The “Adaptation” and “Eternal Sunshine of the Spotless Mind” screenwriter was honored with the top film award at the 2023 Writers Guild of America (WGA) Awards in Los Angeles on Sunday. Kaufman used the platform to call for a much-needed change in the perspective of screenwriters throughout the industry during his acceptance speech.

“We are trained to believe that what we do is secondary to what they do,” Kaufman said, referencing executives (via Variety). “I have dropped the ball, I have wasted years seeking the approval of people with money. Don’t get trapped in their world of box office numbers. You don’t work for the world of box office numbers. You work for the world. Just make your story honest and tell it.”

Kaufman continued, “Our work is to reflect the world, say what is true in the face of so much lying. The rest is window dressing at best, ‘Triumph of the Will’ at worst. Adrienne Rich wrote, ‘I do know that art means nothing if it simply decorates the dinner table of the power which holds it hostage.’ The world is beautiful. The world is impossibly complicated. And we have the opportunity to explore that. If we give that up for the carrot, then we might as well be the executives.”
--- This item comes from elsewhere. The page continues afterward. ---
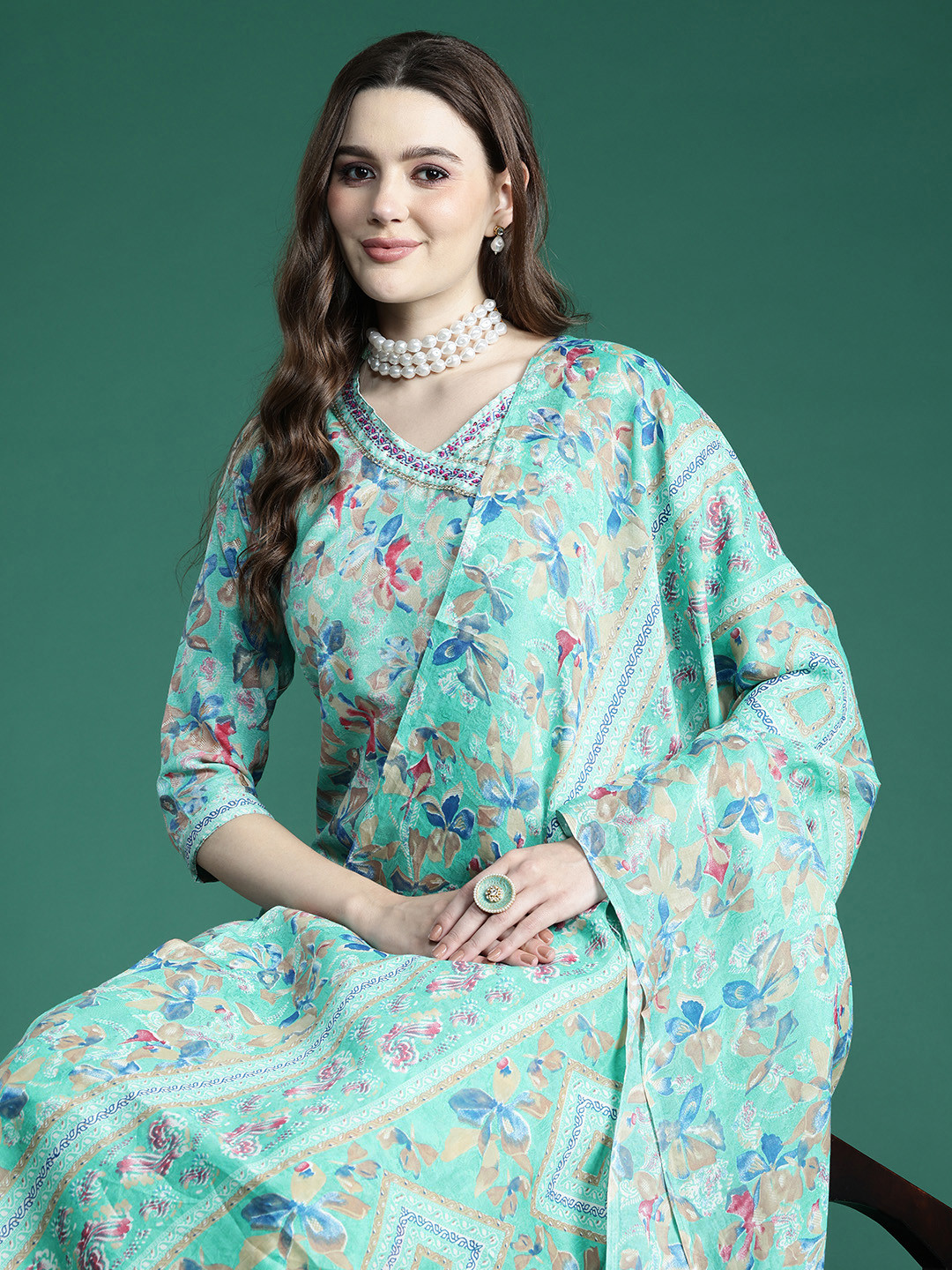 

Sangria Women Floral Printed Angrakha Sequinned Pure Cotton Kurta with Trousers & With Dupatta, Sea green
The Oscar winner added, “They’ve tricked us into thinking we can’t do it without them. The truth is they can’t do anything of value without us.”

The “Being John Malkovich” scribe did not explicitly reference the contract negotiations with the guild that are expected to begin March 20 with top Hollywood studios through the Alliance of Motion Picture and Television Producers (AMPTP). The guild’s minimum basic agreement is set to expire on May 1, including the “regulations for a minimum staff size for television series, a minimum length of employment for television series, and improving residuals for film and television writers.”

To note, the SAG-AFTRA and the Directors Guild of America (DGA) contracts are set to expire June 30 with the AMPTP and will also seek similar negotiation meetings.